### Dataset
==============================

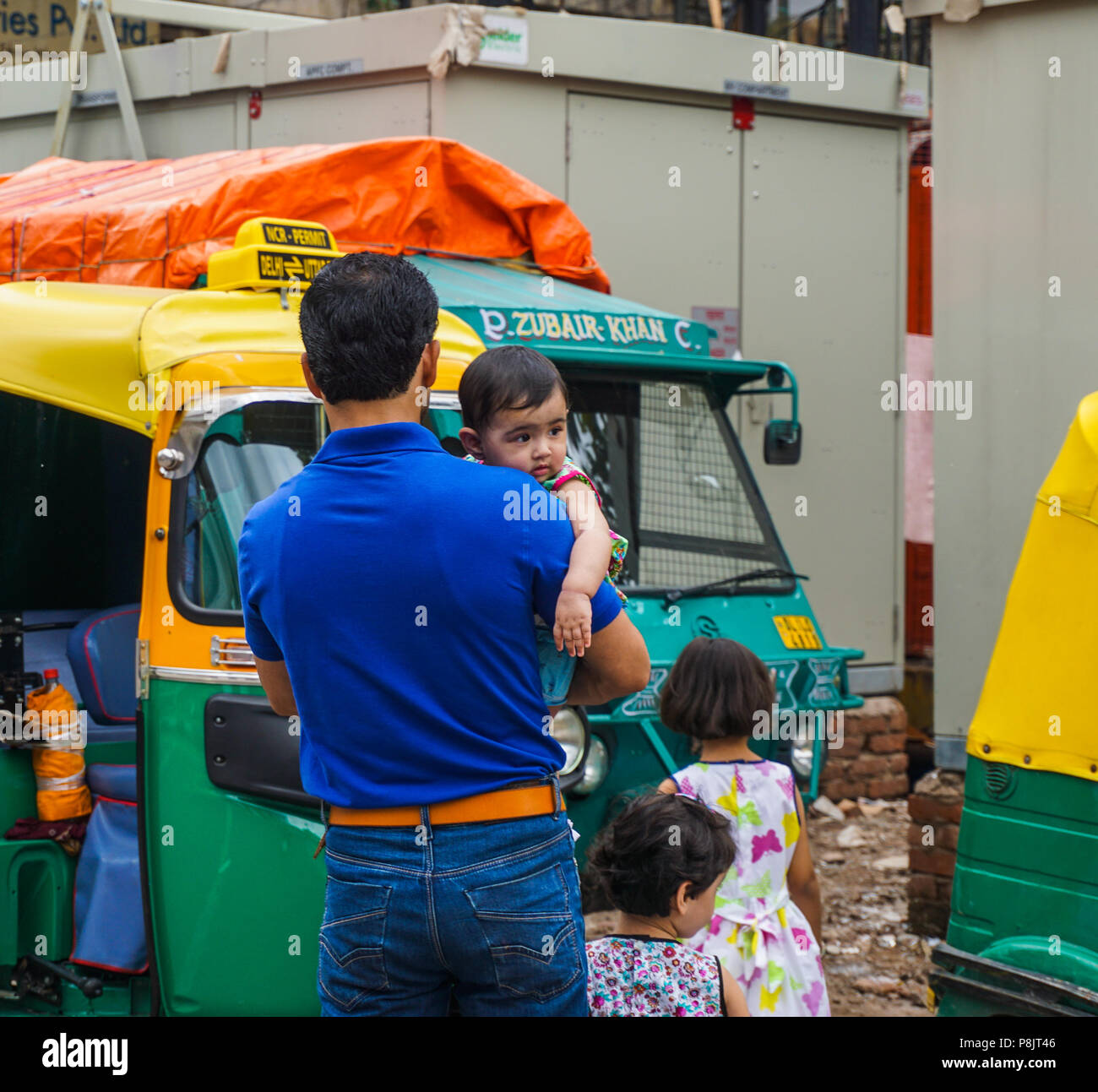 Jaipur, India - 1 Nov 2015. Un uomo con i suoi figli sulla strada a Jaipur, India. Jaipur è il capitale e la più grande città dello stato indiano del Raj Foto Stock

==============================

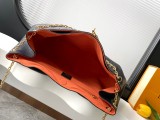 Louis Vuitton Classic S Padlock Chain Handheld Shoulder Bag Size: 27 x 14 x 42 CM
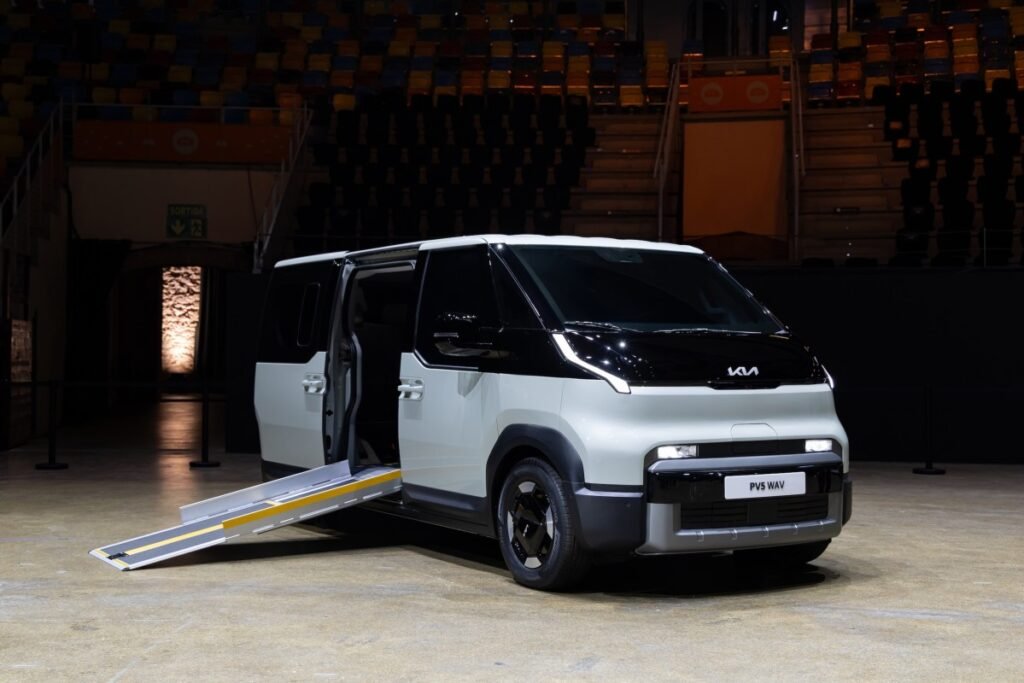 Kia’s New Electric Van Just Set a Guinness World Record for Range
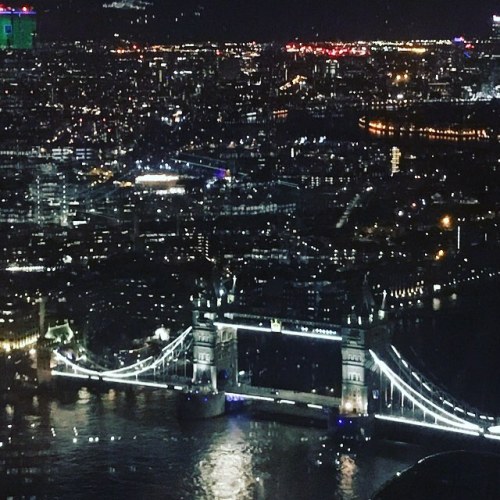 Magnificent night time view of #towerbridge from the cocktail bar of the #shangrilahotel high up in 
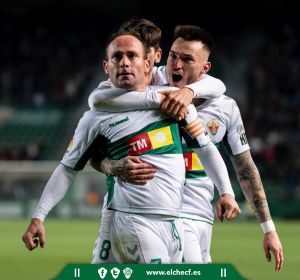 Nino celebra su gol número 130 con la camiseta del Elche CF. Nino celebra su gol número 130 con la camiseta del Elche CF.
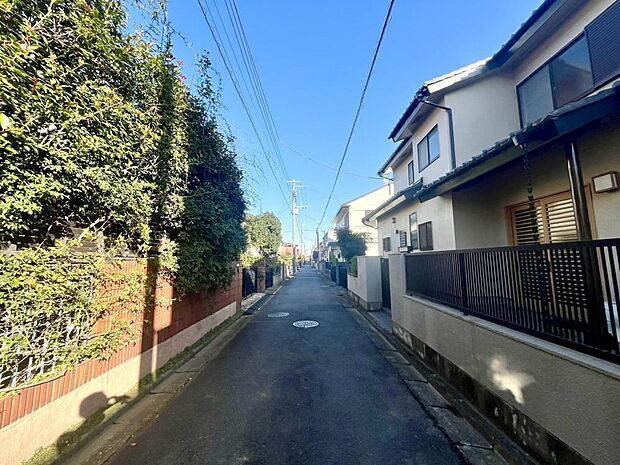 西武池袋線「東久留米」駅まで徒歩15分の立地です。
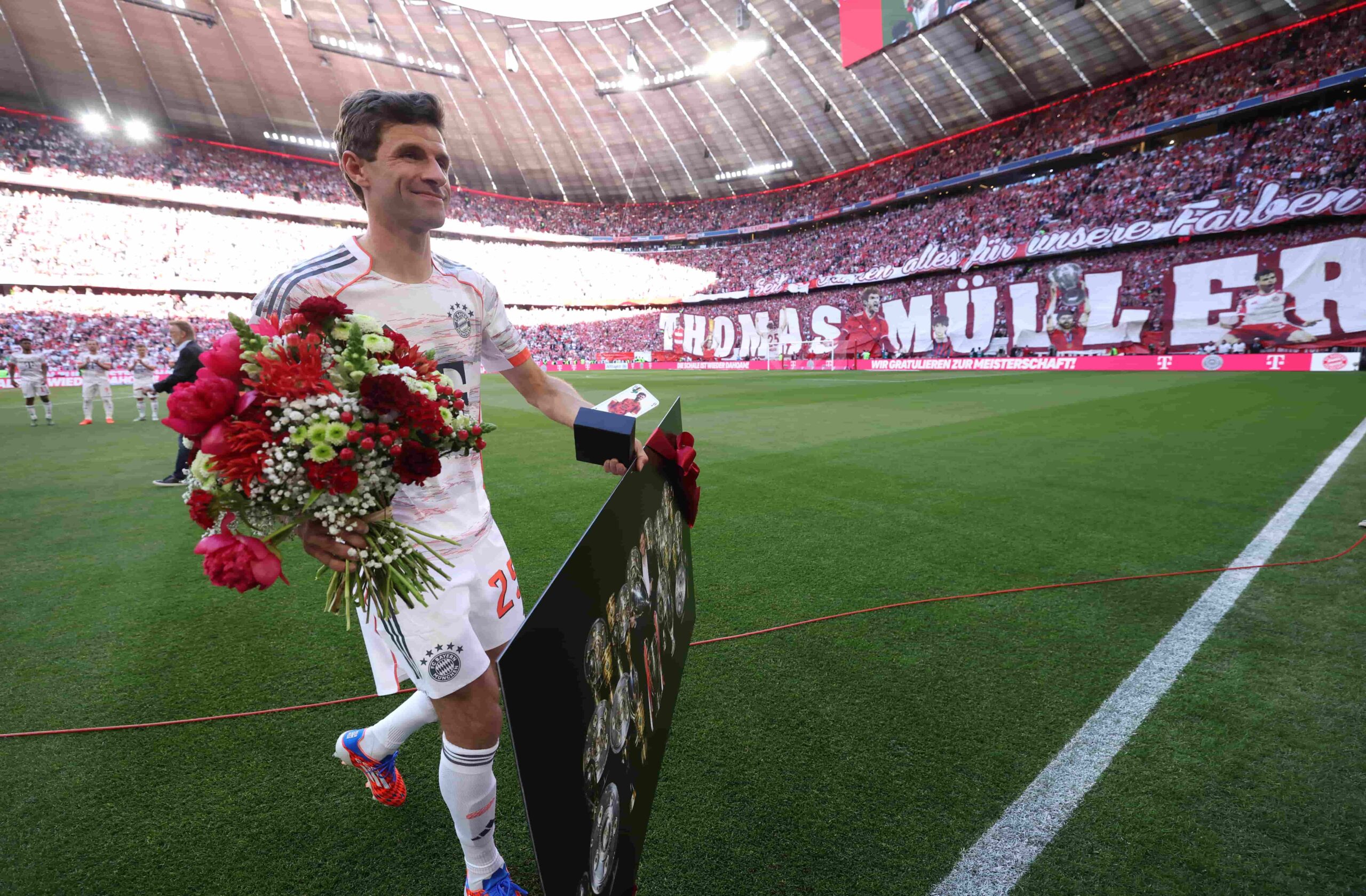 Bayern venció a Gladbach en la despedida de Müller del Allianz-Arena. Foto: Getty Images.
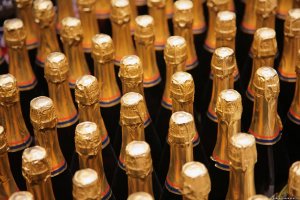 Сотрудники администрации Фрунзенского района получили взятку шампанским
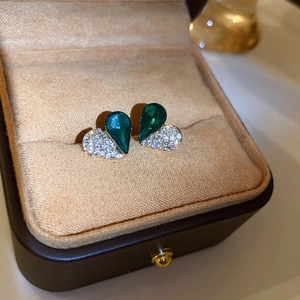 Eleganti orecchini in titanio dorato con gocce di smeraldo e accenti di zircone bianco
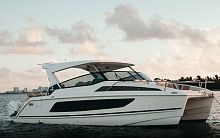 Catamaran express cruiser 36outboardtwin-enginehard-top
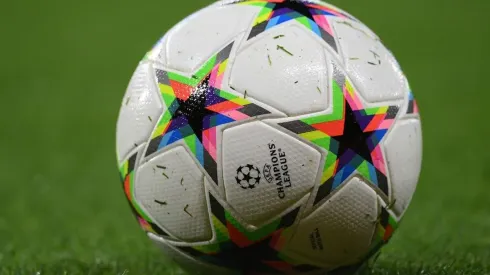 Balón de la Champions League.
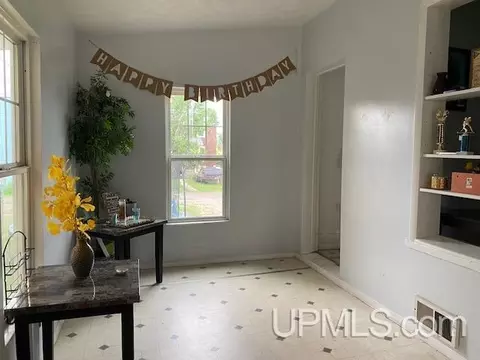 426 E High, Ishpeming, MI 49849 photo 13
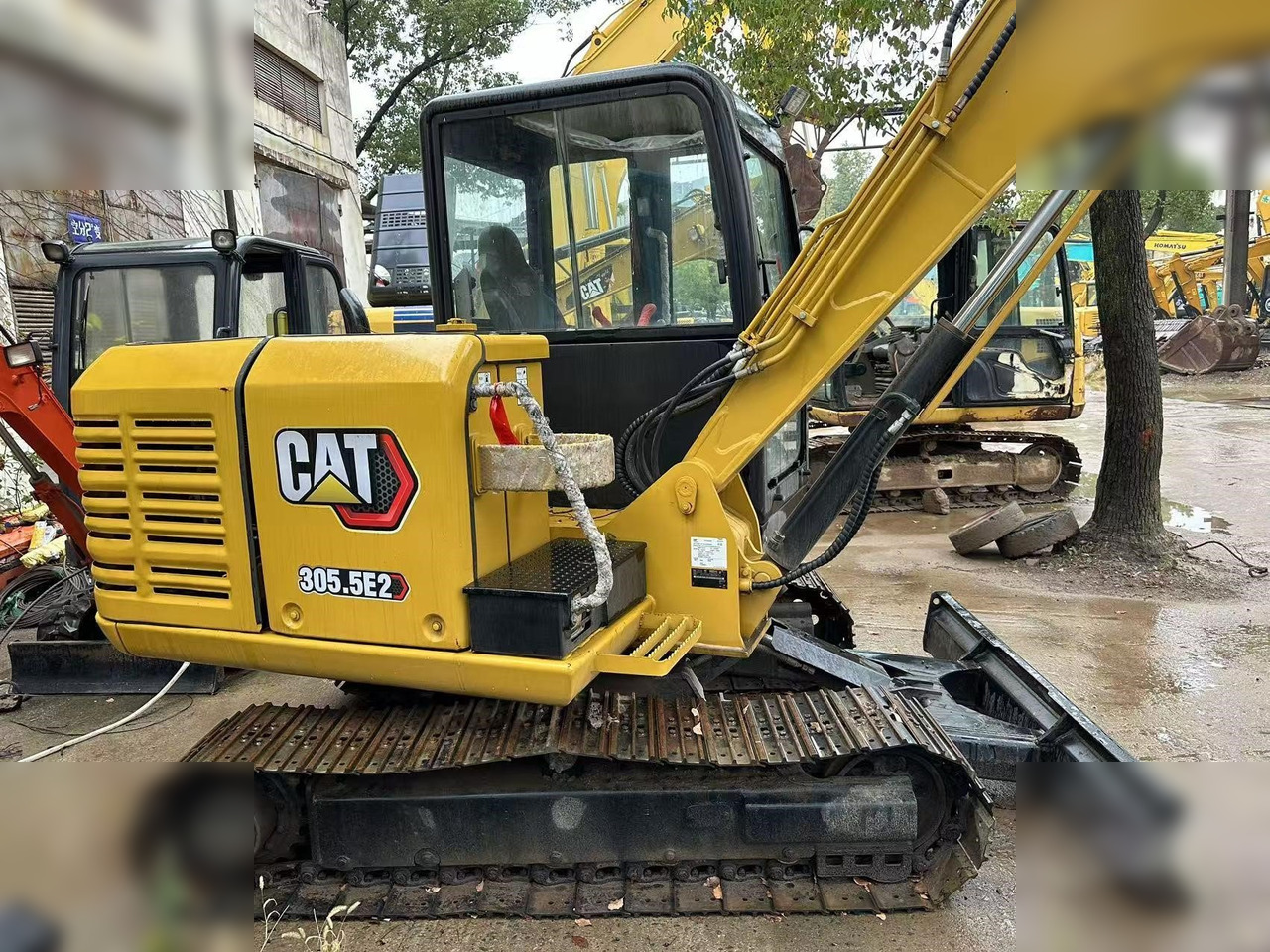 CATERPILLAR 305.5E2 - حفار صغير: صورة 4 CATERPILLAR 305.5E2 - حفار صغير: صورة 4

==============================

### What the task asks
In the data above, find the line with "Сотрудники администрации Фрунзенского" and the line with "CATERPILLAR 305.5E2 - حفار صغير: صورة 4 CATERPILLAR". Please copy exactly those two lines and every line between them, but not the pictures.

### Output for this exercise
 Сотрудники администрации Фрунзенского района получили взятку шампанским
 Eleganti orecchini in titanio dorato con gocce di smeraldo e accenti di zircone bianco
 Catamaran express cruiser 36outboardtwin-enginehard-top
 Balón de la Champions League.
 426 E High, Ishpeming, MI 49849 photo 13
 CATERPILLAR 305.5E2 - حفار صغير: صورة 4 CATERPILLAR 305.5E2 - حفار صغير: صورة 4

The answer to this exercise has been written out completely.